In 2012, I introduced the Safe Prescribing Act to do what the Food and Drug Administration (FDA) had refused to do, or been unwilling to do for more than fourteen years: reclassify hydrocodone combination drugs, which are highly addictive painkillers like Vicodin and Lortab, from a Schedule III to a Schedule II controlled substance. In other words, doctors could not prescribe an unlimited amount of pills and pharmacies would have to secure their supply much like they do the ingredients used to produce meth.
Thankfully, after two years of talking to health care experts, addiction specialists, law enforcement, advocacy groups and drug abuse victims; after writing several official letters to the FDA; after delivering multiple speeches on the Senate floor; after testifying at the FDA's own advisory panel; and after more than fourteen years of the FDA's deafening silence, I am pleased and relieved the agency finally agreed to reschedule hydrocodone from a Schedule III to a Schedule II controlled substance. This reclassification will help make sure patients who truly need these pills to ease excruciating pain will be able to receive physician-filled prescriptions, while also preventing these addictive pills from falling into the wrong hands to abuse.
However, just as we could begin to celebrate a victory in the war against the prescription drug abuse epidemic, the FDA approved, the very next day, another controversial new painkiller, Zohydro.
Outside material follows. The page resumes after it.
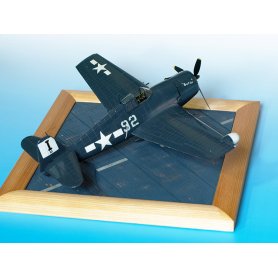 Eureka XXL WWII USN Aircraft Carrier Deck 1:48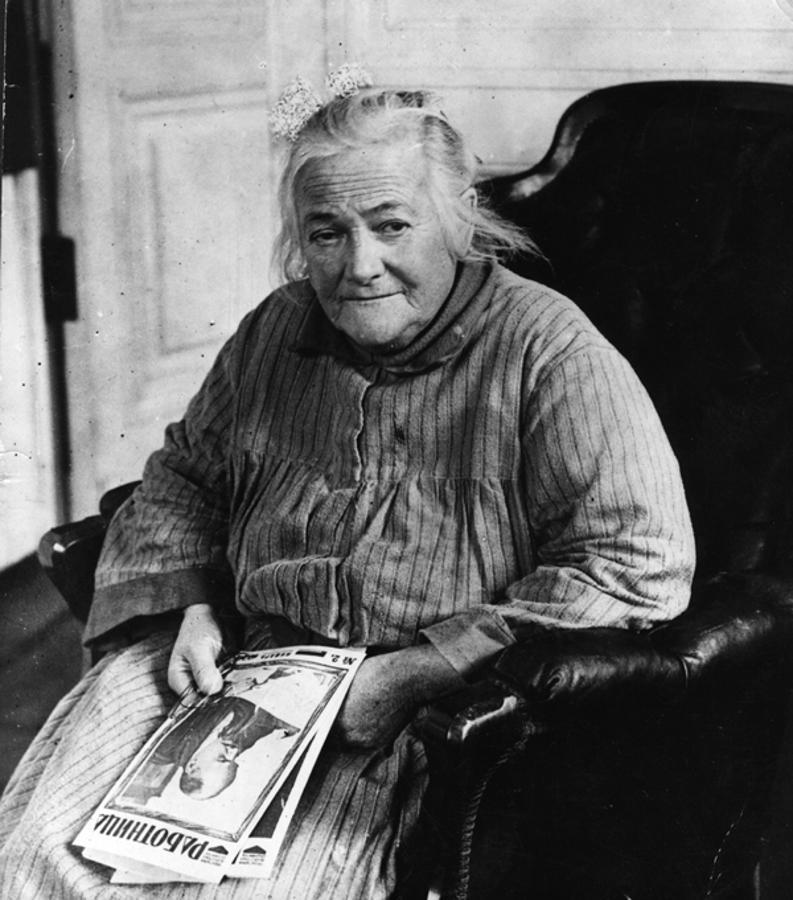 Clara Zetkin junto a Käte Duncker participaron en representación del Partido Socialista Alemán y presentaron la propuesta de conmemorar un "Día Internacional de la Mujer".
Incredibly, this drug is a pure form of hydrocodone that has up to ten times as much hydrocodone as Vicodin and Lortab and will come in a formulation that can be easily crushed, snorted and injected. Doctors and medical experts have warned that the consumption of just two tablets in one sitting can result in death. Zohydro would be the most powerful hydrocodone combination drug ever to be sold for public use.
The hydrocodone statistics speak for themselves, which are alone terrifying and chilling. So how can the FDA exhibit its awareness about the addictive nature of hydrocodone by recommending reclassification, but then approve a powerful hydrocodone drug that can be easily abused? I asked that very question several times to FDA Commissioner Margaret Hamburg through letters, unanswered phone messages and finally, a phone conversation. To date, I have yet to receive adequate responses.
After weeks of failed attempts to reason with the FDA and repeatedly requesting that the agency change its course on selling this dangerous drug, I felt compelled to introduce legislation to ban Zohydro.
This new drug poses a severe threat to our communities in West Virginia and across our country, and I will not backtrack on the progress we have made in the war against prescription drugs. Unless this product is reformulated to prevent abuse, I strongly believe Zohydro will only fuel addiction and death in this nation. It must be kept off the market for the well-being of our country, especially our families and our youth.
From the moment I heard those eleven-year-olds' genuine and heart-wrenching stories, I pledged to bring this fight to Washington and play a lead role in curbing the prescription drug abuse epidemic in West Virginia and across this great nation. From reclassifying hydrocodone controlled substances to banning Zohydro from the marketplace, I will continue to do everything I can to keep that promise for our families and communities today and for our future generations to come.